Interview by Matt S.
Late last year Final Fantasy XV had its first anniversary. It’s been a big year for the game, as Square Enix decided to adopt a model where the base game was really just a “hub”, and there would be a lot of additional games and experiences released around that. We’ve had a film, anime, mobile games, a VR fishing title, a free-to-play beat-em-up, and expansions as substantial as small games in their own right all released around the core Final Fantasy XV, all enhancing it, its world, and its characters in some way.
I had a brief chat with the director of Final Fantasy XV, Tabata Hajime, on the ongoing development of the game, and what to expect next. I was in a cheeky mood and couldn’t resist asking a few probing questions about what’s next for the Final Fantasy franchise, and was rather surprised by the response – I had thought that we’d never see another “traditional” swords-and-magic numbered Final Fantasy in the vein of Final Fantasy X, or the PlayStation and SNES titles, but apparently there’s genuine appetite at Square Enix for it yet.

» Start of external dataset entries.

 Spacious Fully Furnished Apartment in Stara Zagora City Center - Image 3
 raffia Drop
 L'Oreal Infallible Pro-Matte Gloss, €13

Matt S: Firstly, congratulations on the anniversary of the launch of Final Fantasy XV!
Hajime T: Thank you very much. Funny as it seems, it went by in a flash.
Matt S: Rather than develop a Final Fantasy XV-2, so far your team has launched some very substantial add ons to the base Final Fantasy XV game. It’s a very different approach to what Square Enix did with the three Final Fantasy XIII titles. Why did you decide to go down this path?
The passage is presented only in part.